» About this exercise: Repeat exactly the lines that begin at the one containing "A nurse leans" and end at the final line of the records; include no pictures and nothing else.

[Data to process — start]

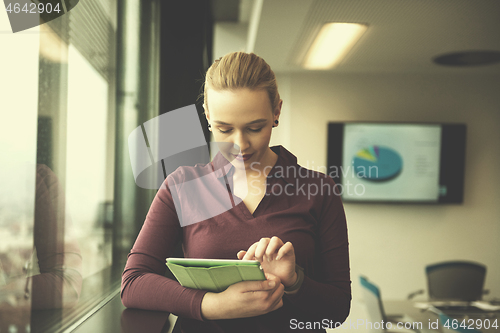 Image of blonde businesswoman working on tablet at office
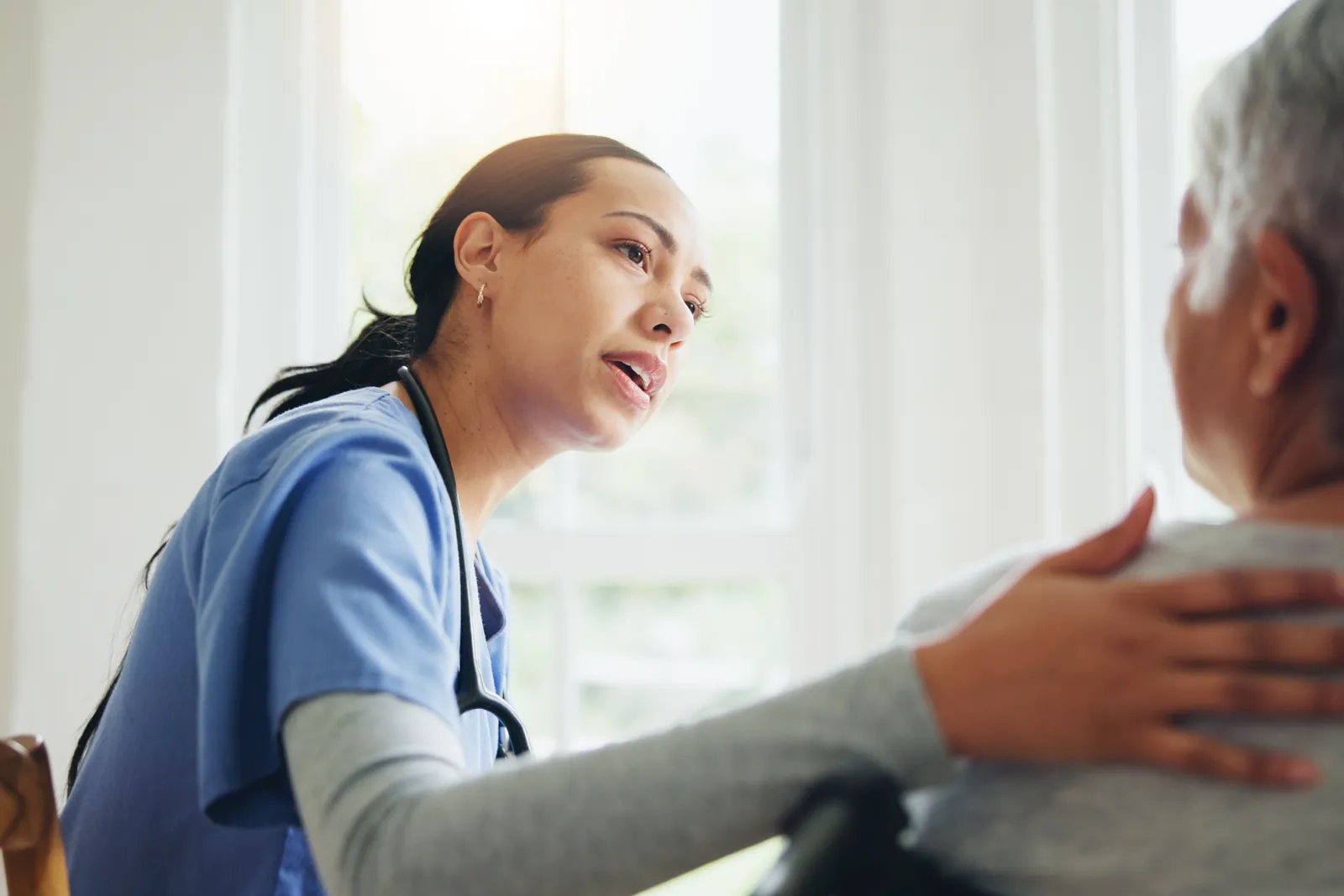 A nurse leans in close and speaks gently to an older person in a wheelchair, with a hand on their back.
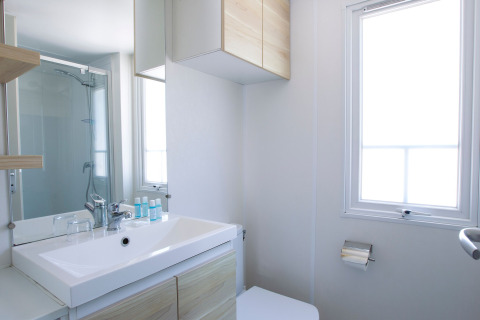 Salle de bain moderne et lumineuse avec douche, lavabo et grande fenêtre au Tamarit Park Resort 2 PATIO en Espagne.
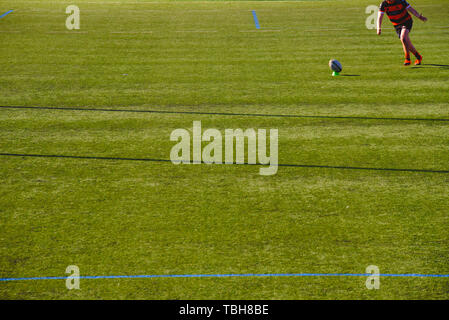 Valencia, Spain - January 19, 2019: Rugby player kicking the ball. Stock Photo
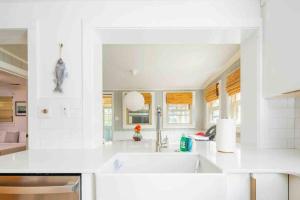 a white kitchen with a sink and a counter at Hip Island House in Charleston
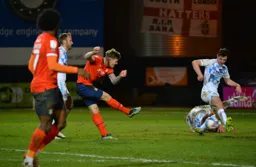 James Collins strikes a low shot towards goal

[Data to process — finish]

» Output below:
 A nurse leans in close and speaks gently to an older person in a wheelchair, with a hand on their back.
 Salle de bain moderne et lumineuse avec douche, lavabo et grande fenêtre au Tamarit Park Resort 2 PATIO en Espagne.
 Valencia, Spain - January 19, 2019: Rugby player kicking the ball. Stock Photo
 a white kitchen with a sink and a counter at Hip Island House in Charleston
 James Collins strikes a low shot towards goal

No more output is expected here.